Handwriting "Synthesis"
Dan Morris, 2002
dmorris@cs.stanford.edu

The last time I had to write something by hand, I realized how incredibly
tedious it is to actually write things by hand.  It really takes like hours
and hours to write just a couple pages.  I wrote these scripts with that in
mind.

Generating arbitrary handwriting was too hard for me, nor would it have
solved the problem of having my computer make something that looked like my
handwriting.  Having the computer look at a sample of my handwriting and
automatically figure out how I make each of the letters of the alphabet would
be ideal, but is also a hard problem.  So this set of scripts represents a
compromise.

Basically you scan an example of your handwriting, then manually define
important points on a few examples of each letter.  The Matlab scripts in
this package can then take the examples and put them together in a slightly
randomized fashion to 'write' a given piece of text.  The script randomly
chooses one of the samples of 'e' that you defined each time it encounters
an 'e', for example.  It also randomly varies the spacing between letters and
lines of text, and automatically generates line breaks at appropriate points.

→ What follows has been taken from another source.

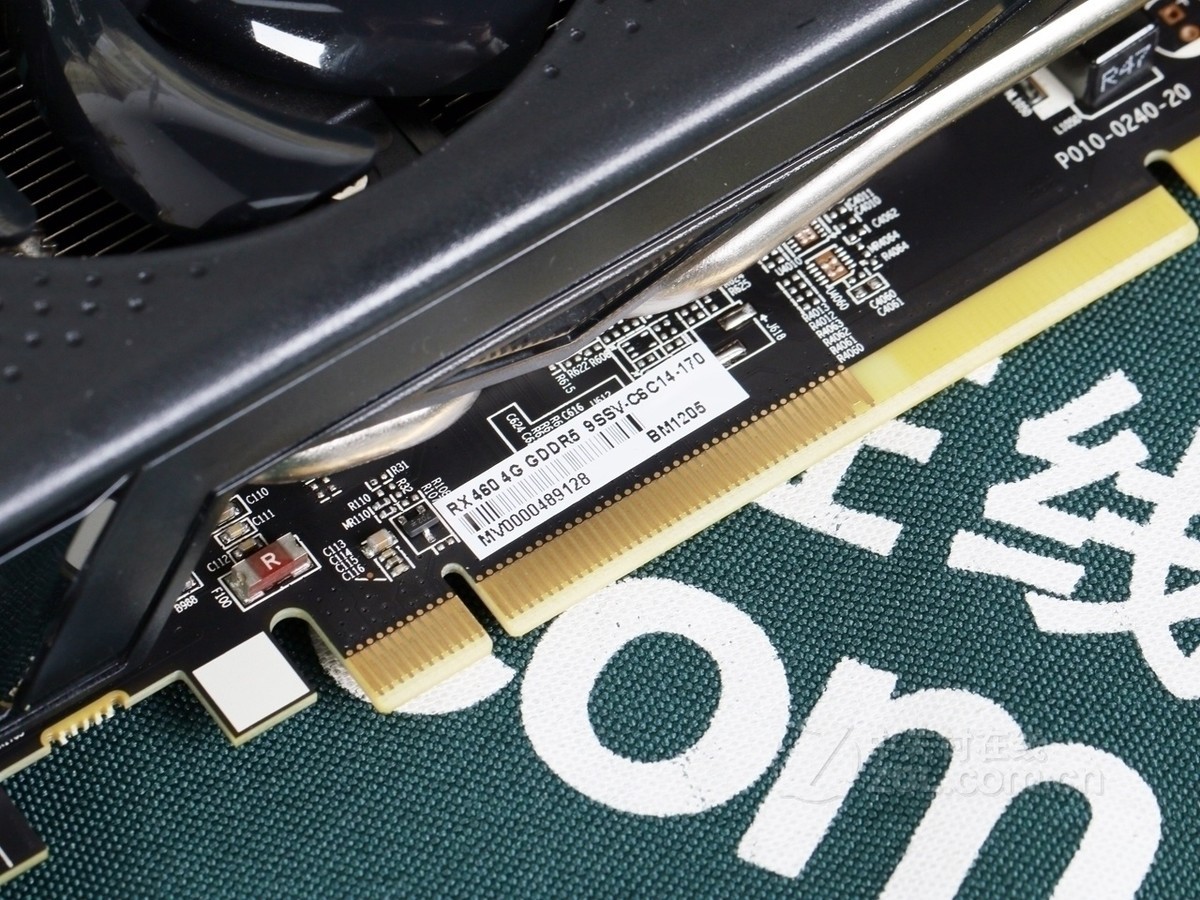 【高清图】 蓝宝石(sapphire)rx 460 1024sp 4g d5 超白金 oc实拍图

Then you can print it out and - especially if you print on an inkjet printer
instead of a laster printer, or tell your printer to use too much ink by telling
it the paper is really heavy - you'll get something that looks convincingly like
your handwriting.  You may also want to play with it in photoshop or something
to blur it a little, smudge it a little, add some noise, etc., especially if
you're going to print on a laser jet.

The process I'm about to describe is how you turn that image into an
'alphabet' that can be used to generate arbitrary text in your 'handwriting'.
An example of the whole process (except the scanning) is in
'demo_whole_process.m', a tiny script that shows you what you need to do to
make an alphabet and generate some handwriting.  It should be _almost_
self-explanatory; you probably don't even need to read the rest of this file.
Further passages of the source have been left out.